Shaggy dog story
Thursday, December 15, 2011 at 05:43AM
Clare

The two dogs disappeared the same afternoon.

Fiona, our youngest, had a sweet fantasy that they had decided, last time they were visiting, to meet for some girl time. They arranged a date and a meeting place, half way between Beechworth and Brunswick. But Fifi only made it to the end of our street before being picked up by a kindly stranger and deposited in the Lost Dogs’ Home. Nutmeg lolloped all the way to Benalla as arranged, and was still waiting at the side of the road, wondering when her buddy was going to turn up.

We had less than 24 hours of anxiety for our nuggety little Jack Russell. On the dot of nine the morning after she went missing, I had a call from the Lost Dogs’ Home saying they had Fifi safe and well and could I come and get her please.  She and I wandered home over busy Racecourse Road in a daze of relief to be together again. Just one day in a dogless house was enough for me. Every part of my night and morning ritual had reminded me she was missing.

Nutmeg’s story was longer and a lot more dramatic. A skinny, tan kelpie-heeler cross, she is only two, and one of those bouncy dogs that can run all day. She ran into the State Forest next to our daughter Tess’ place, as she did from time to time, and didn’t come back.

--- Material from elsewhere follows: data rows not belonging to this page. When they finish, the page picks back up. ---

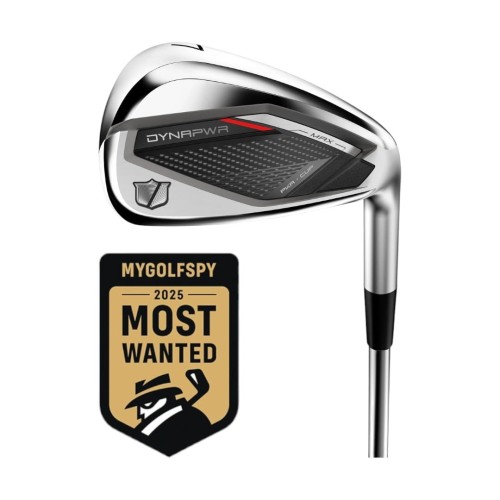 Wilson DYNAPWR Max Graphite Irons - zestaw ironów, shafty grafitowe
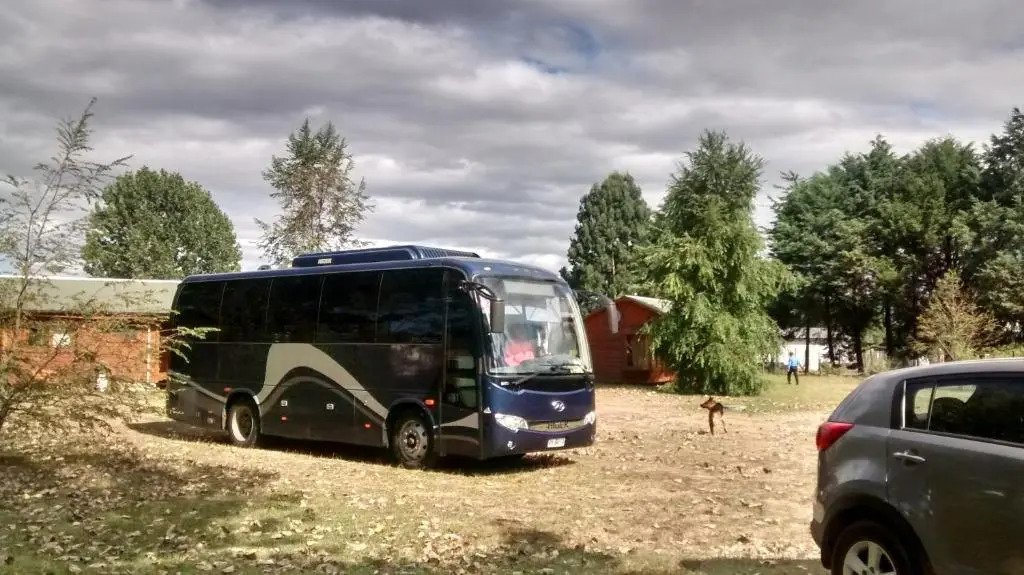 Cabañas De Madera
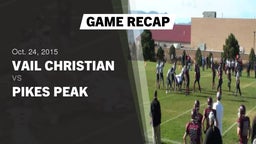 Recap: Vail Christian vs. Pikes Peak 2015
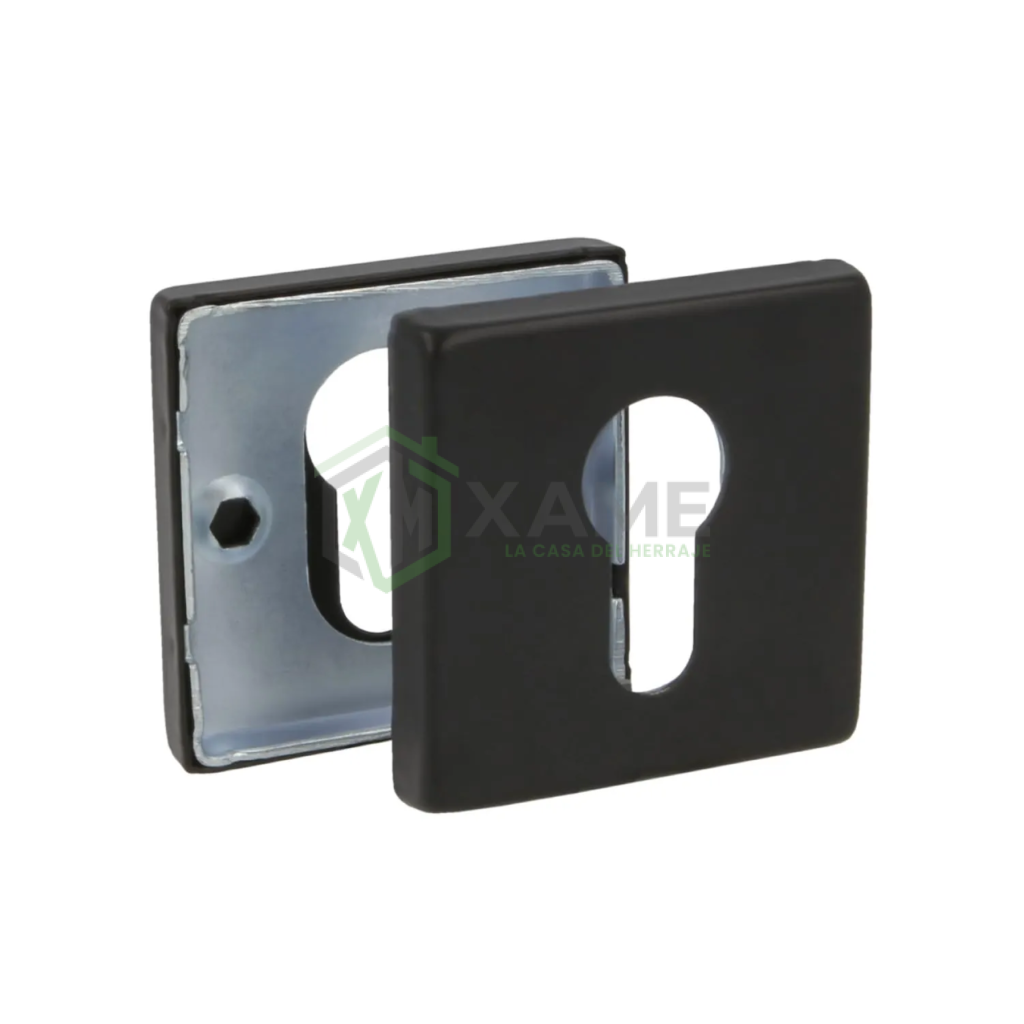 BOCALLAVE AMIG 5RX-54 CUADRADO NEGRO 23887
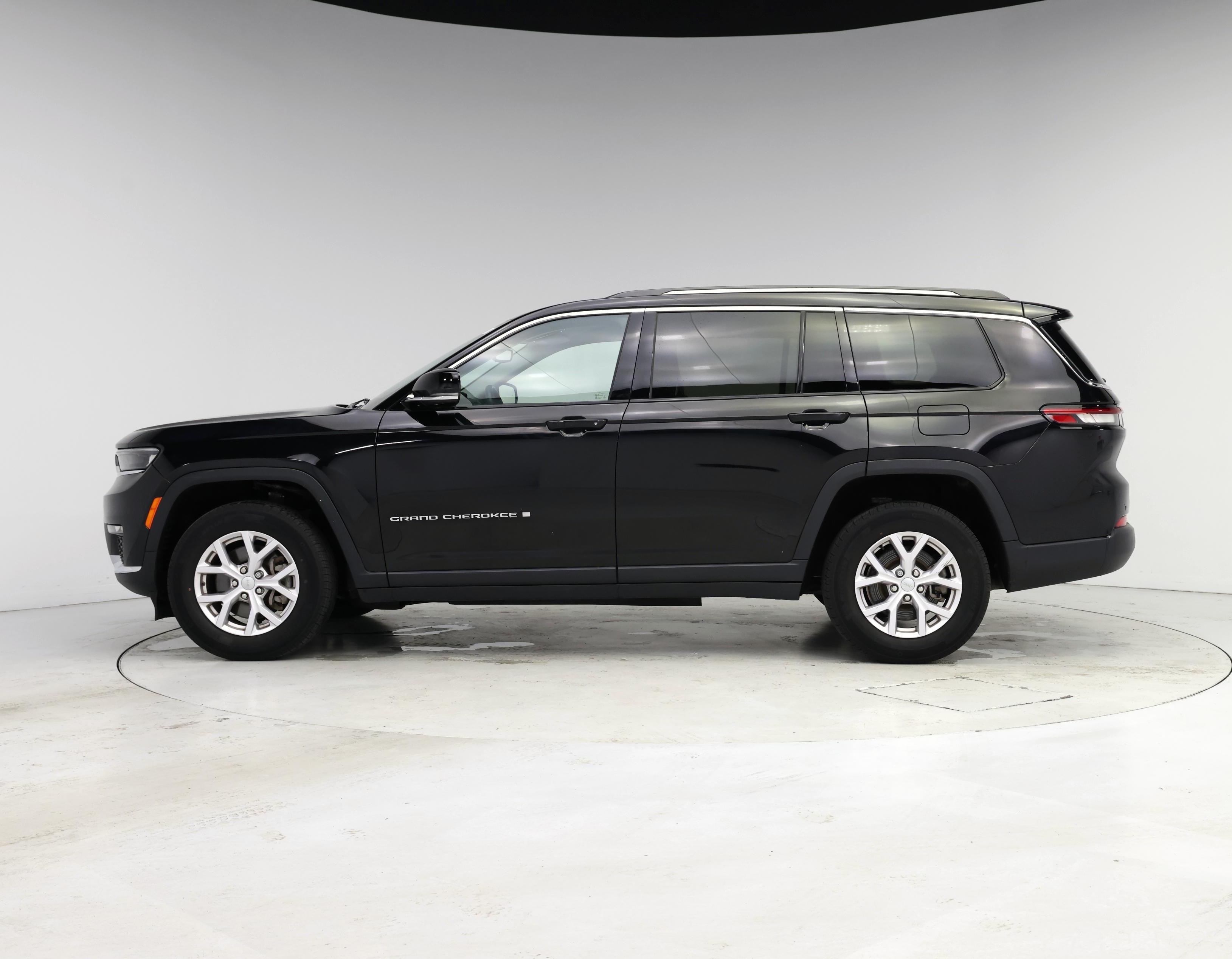Thumbnail: 2022 Jeep Grand Cherokee L - 3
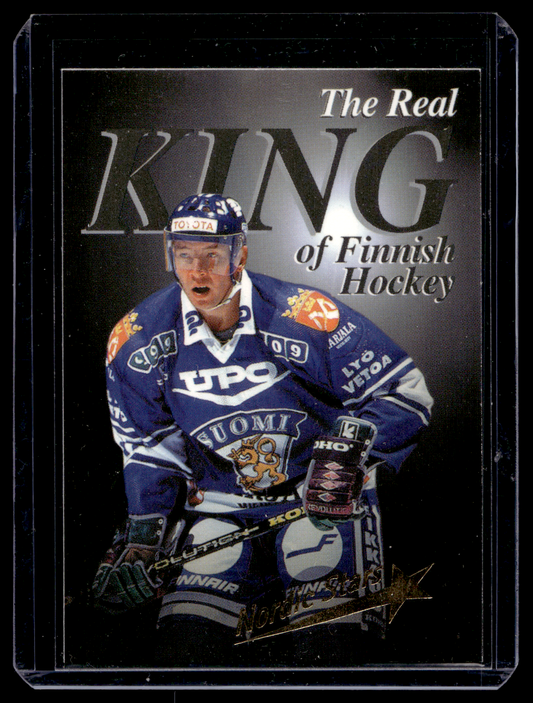 1996 Semic Wien - Nordic Stars - Jari Kurri #NS4
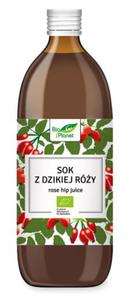 Sok z dzikiej ry bio 500 ml - bio planet - 2866599322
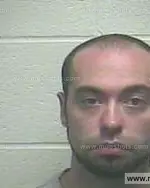 Booking photo of Thomas William Fralix, Giles County, Jul 11, 2014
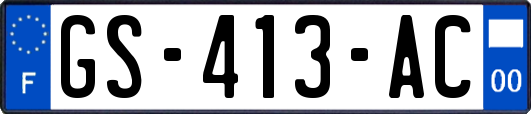 GS-413-AC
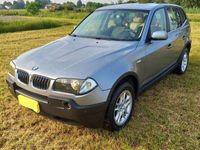 usata BMW X3 2.5i Eletta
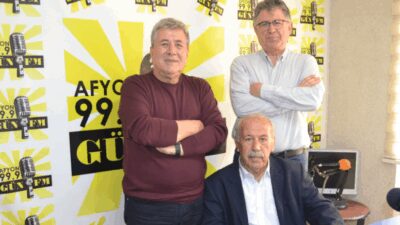 Gün FM’de yayınlanan Basın Odası programı sezon finaliyle yayınlandı. 26’ncı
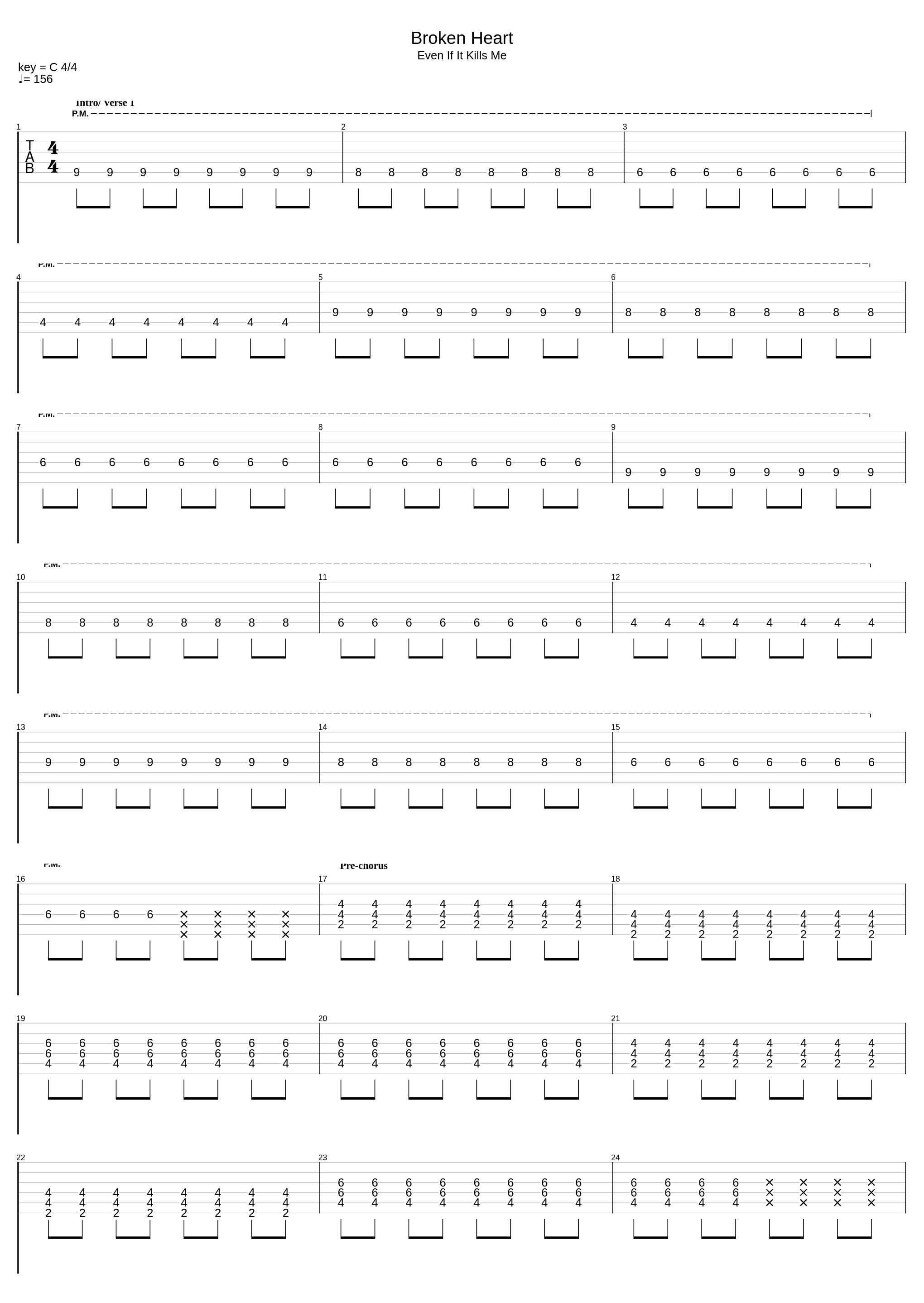 Broken Heart_Motion City Soundtrack_1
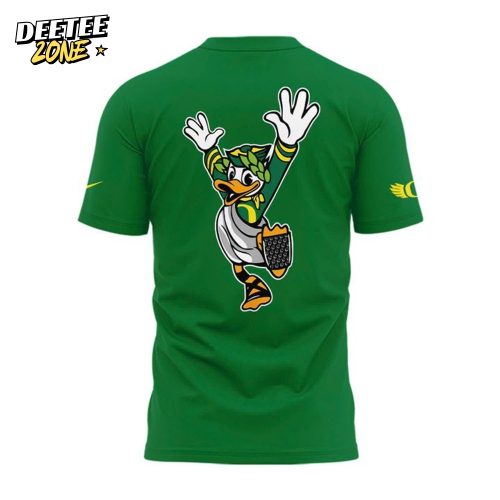 Oregon Ducks ‘SHOUT! for the Ducks’ Special Tee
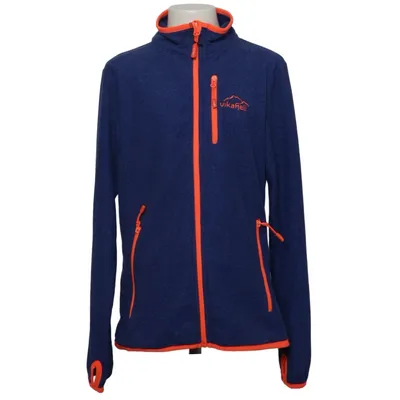 Fleece jacket (Ulven) from Vikafjell Polyester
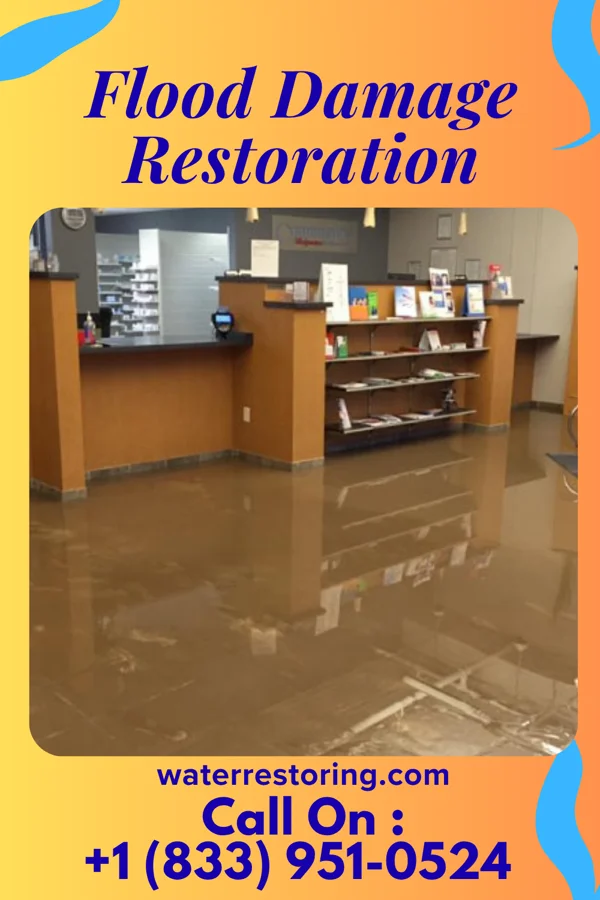 Flood Damage Restoration in Heckscherville, PA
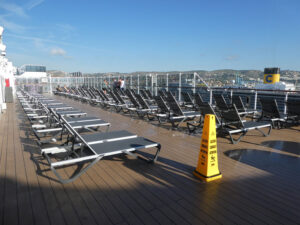 Sonnendeck Deck 19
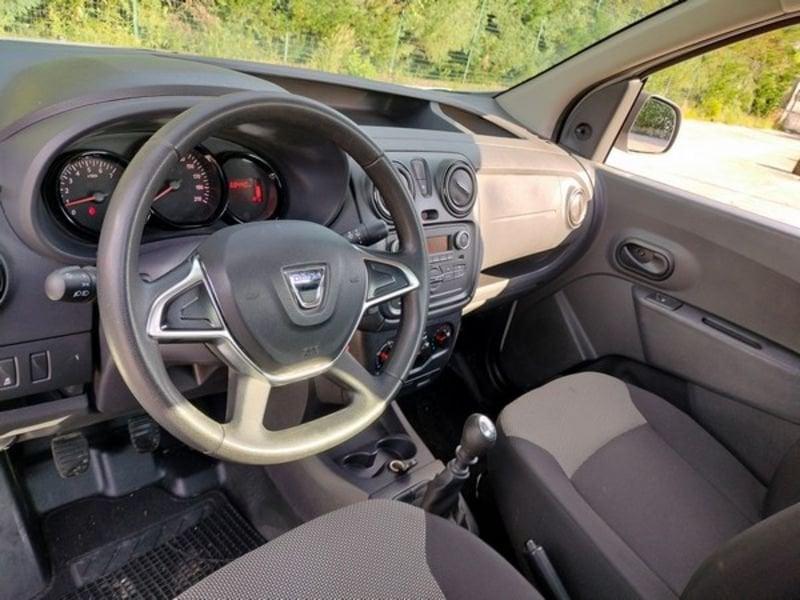 Dacia Dokker dokker pick up 1.5 blue dci 95cv E6d-temp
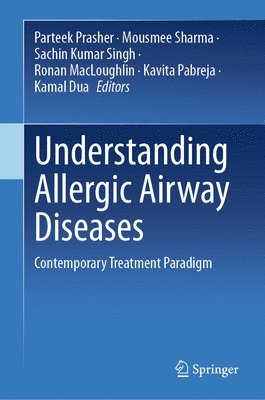 bokomslag Understanding Allergic Airway Diseases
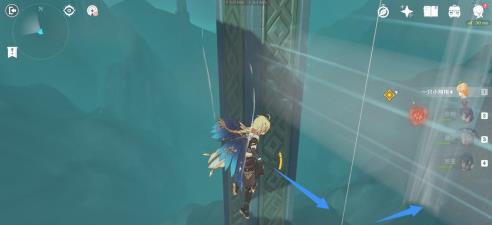 原神的遗失之书门怎么开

For several unhappy days, Tess and her Will combed the thick bush behind their property outside Beechworth. It was needle in haystack stuff. The country up there is full of mine shafts and snakes waking up cranky from their long winter sleep. There is probably bait for feral dogs.

Neville, their older dog, was morose and bewildered. Tess and Will were losing hope. I had never seen them so subdued.

Late at night, five full days after Nutmeg’s disappearance, Tess was outside and heard a dog bark in a direction they were planning to search the following day. They raced out with head torches, thrashed around calling, calling. Well after midnight I was woken by Tess, almost incoherent with joy, saying they had found her, in pitch dark, down the bottom of a mineshaft, alive and apparently in one piece.

There had recently been heavy rain; water, pooled at the bottom of the hole, had kept her alive. Tess stayed shaft-side while Will raced home to get dog food and a bucket and rope to lower it down. Also Nutmeg’s bed and blanket, so that she could rest for the first time in five days.

The sides of the shaft were smooth and vertical. In the morning, the SES came with their orange jump suits and their six and a half metre ladder that was only just long enough. They gathered her up in a sling and a pair of burly arms and brought her gently gently into the light and life and her owners’ tearful embrace.

What do dogs think about when they are alone down a hole in the cold for five famished days and miserable nights? Doubtless they would fret, but I’m guessing, hoping, they wouldn’t be as desperately fearful as a human being. At some level, do they prepare themselves for death? And what shape does that experience take in her mind now that she has been home for a few days and is once more well fed and full of bounce? Is there a dark shadow there that still gives her nightmares?

I prayed a lot those few days. For solace for our kids and courage for Nutmeg, wherever she was. Not so much for her to be found, not really, because I don’t believe it works that way. If it did, we would all just pray like crazy for everything bad happening – the miners trapped in Chile and the abused kids and the wars and the excesses that bleed our world towards the edge of oblivion.

Life is full of small heartaches and big tragedies. There isn’t some magical intervention for some and not for others. Our small drama this week happened to end well. In both households – city and country – we look at our dear, faithful, funny hounds with even more affection than usual. And are grateful for the things in life that, against the odds, have a happy ending.